→ **The task**
Write out the listing from the line with "bed with shade tolerant perennials" to the line with "автомобили, mustang", both lines included, exactly and nothing beyond. Leave pictures out.

→ **Records for the task**
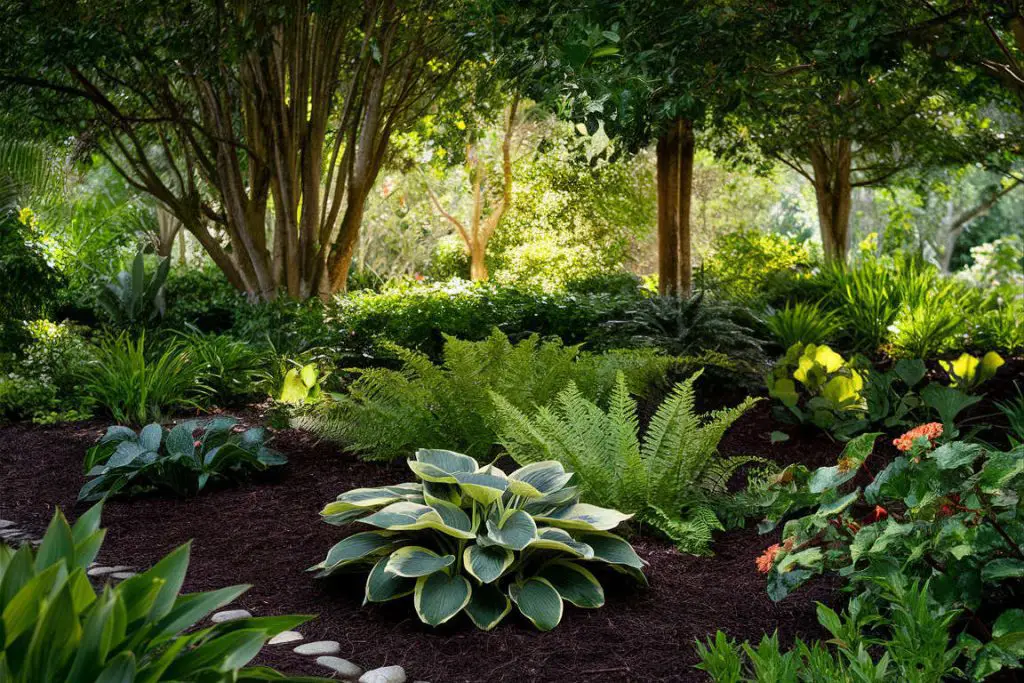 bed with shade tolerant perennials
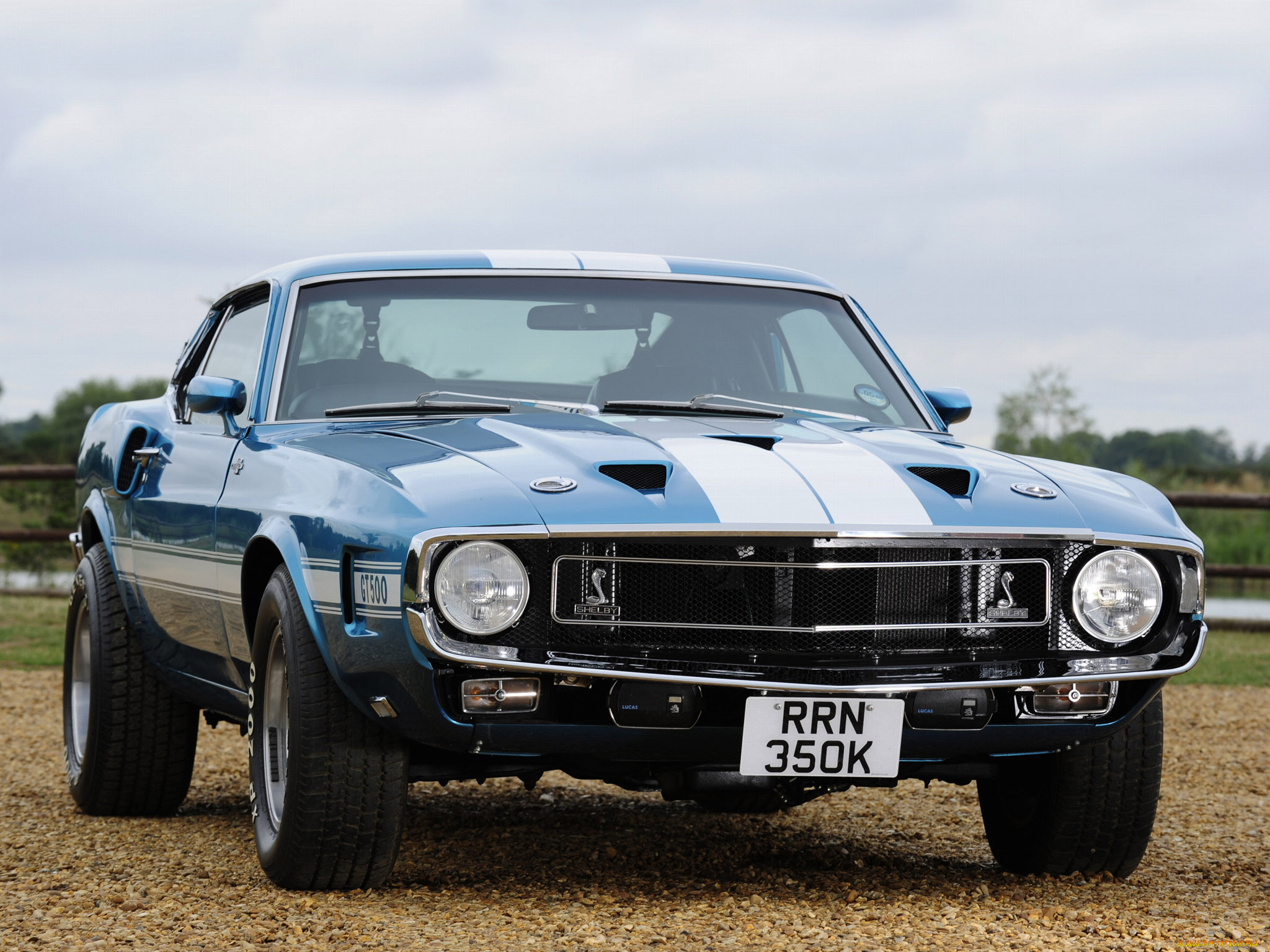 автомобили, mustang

--

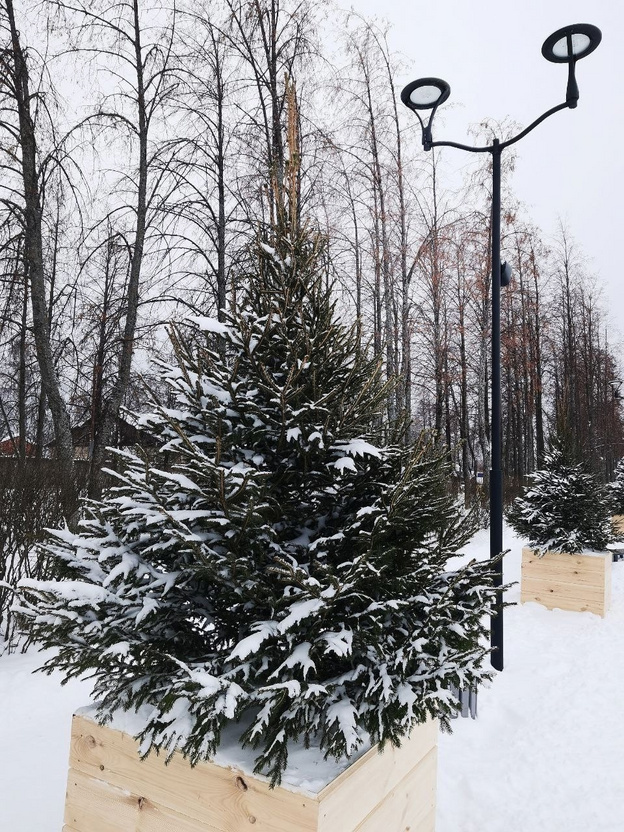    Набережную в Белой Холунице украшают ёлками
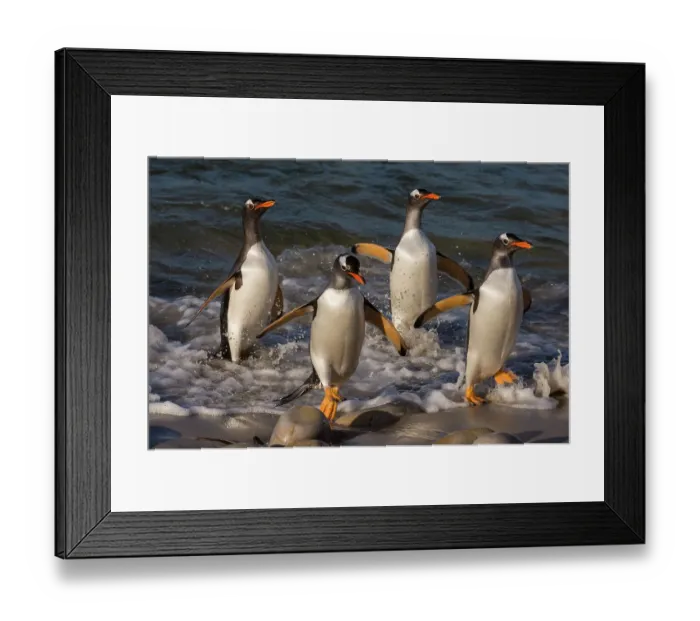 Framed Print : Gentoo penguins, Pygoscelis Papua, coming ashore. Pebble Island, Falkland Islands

==

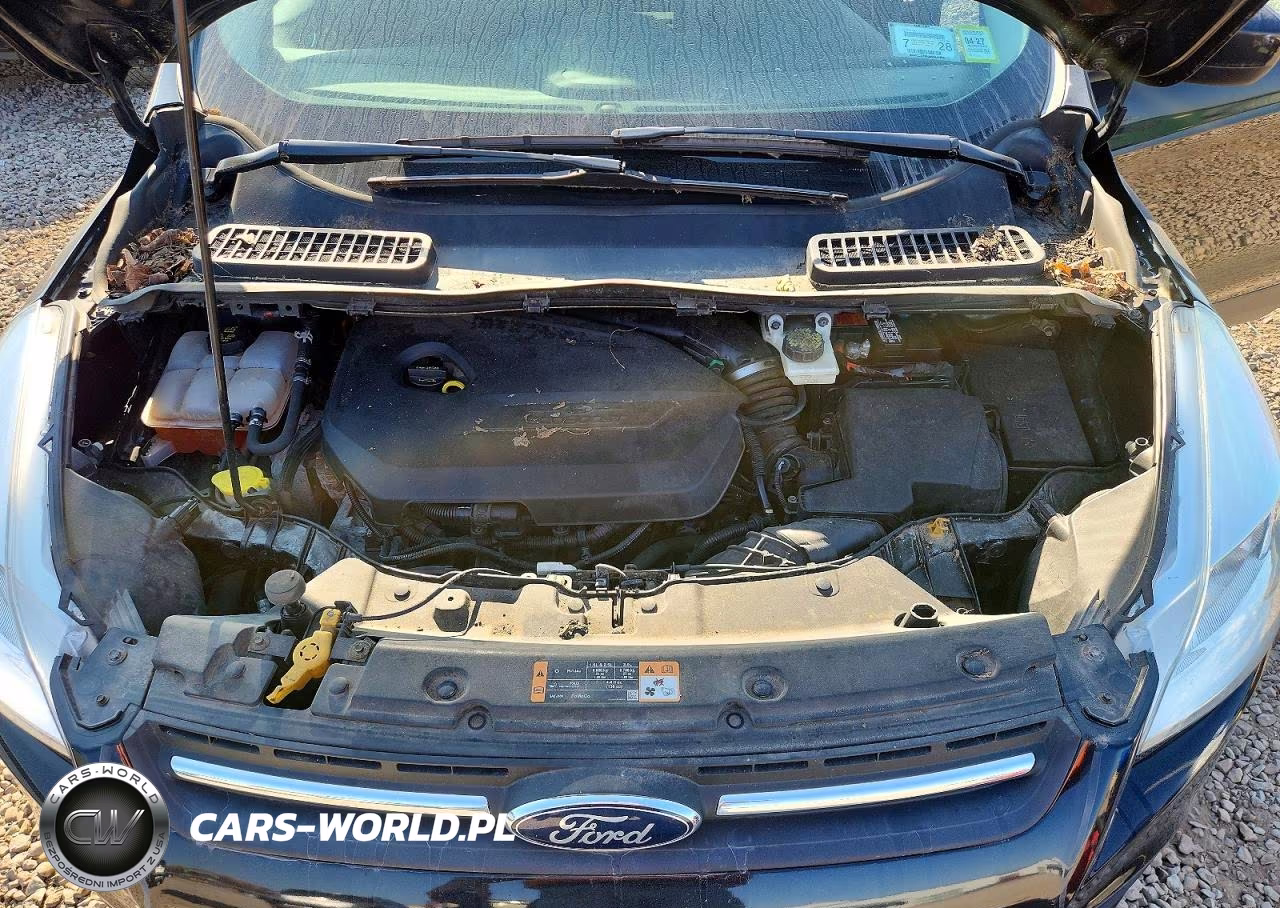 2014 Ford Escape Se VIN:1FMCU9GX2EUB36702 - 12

→ **Output of the exercise**
 bed with shade tolerant perennials
 автомобили, mustang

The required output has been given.